Available data:
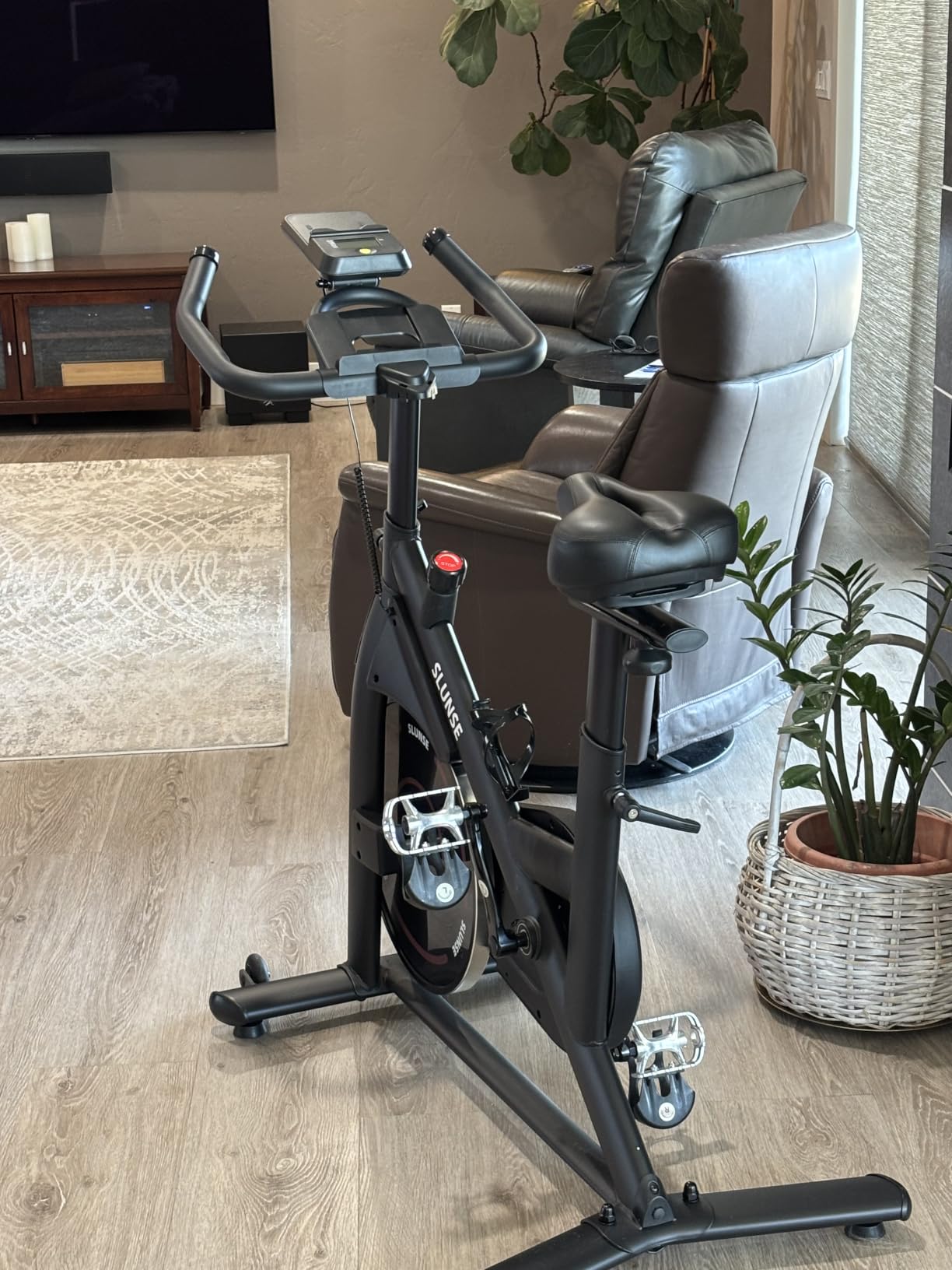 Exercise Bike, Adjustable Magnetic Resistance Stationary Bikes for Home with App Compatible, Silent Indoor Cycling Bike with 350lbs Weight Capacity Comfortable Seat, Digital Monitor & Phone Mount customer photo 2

---

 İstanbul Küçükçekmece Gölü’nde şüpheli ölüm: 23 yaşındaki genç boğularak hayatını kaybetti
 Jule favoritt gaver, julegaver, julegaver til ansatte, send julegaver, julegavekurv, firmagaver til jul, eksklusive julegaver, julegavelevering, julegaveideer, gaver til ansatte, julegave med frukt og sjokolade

---

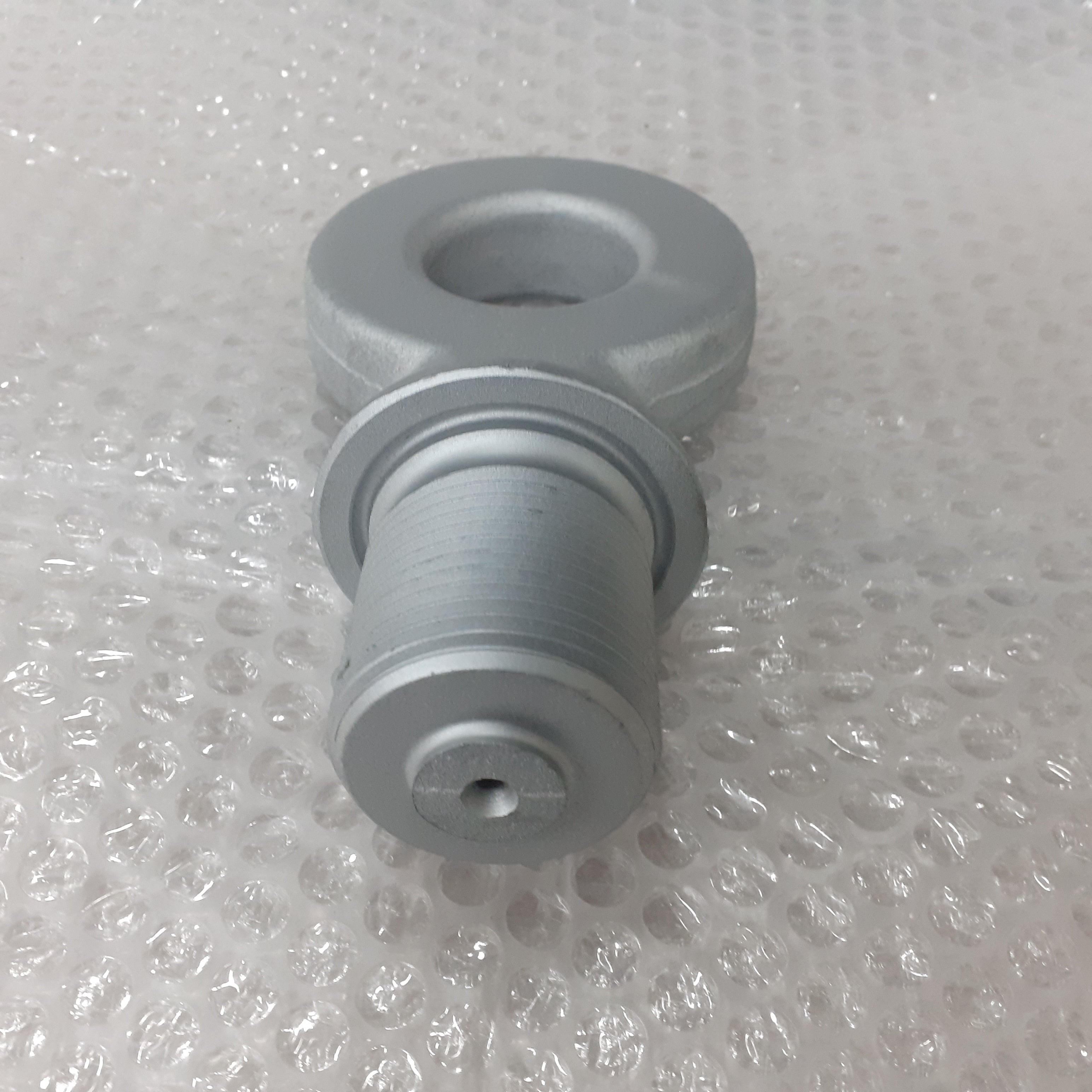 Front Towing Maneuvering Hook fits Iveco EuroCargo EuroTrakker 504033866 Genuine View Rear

What to produce:
Only one stretch of the records above is wanted: the lines between the one holding "İstanbul Küçükçekmece Gölü’nde" and the one holding "Jule favoritt gaver, julegaver, julegaver", inclusive, reproduced exactly.

Answer:
 İstanbul Küçükçekmece Gölü’nde şüpheli ölüm: 23 yaşındaki genç boğularak hayatını kaybetti
 Jule favoritt gaver, julegaver, julegaver til ansatte, send julegaver, julegavekurv, firmagaver til jul, eksklusive julegaver, julegavelevering, julegaveideer, gaver til ansatte, julegave med frukt og sjokolade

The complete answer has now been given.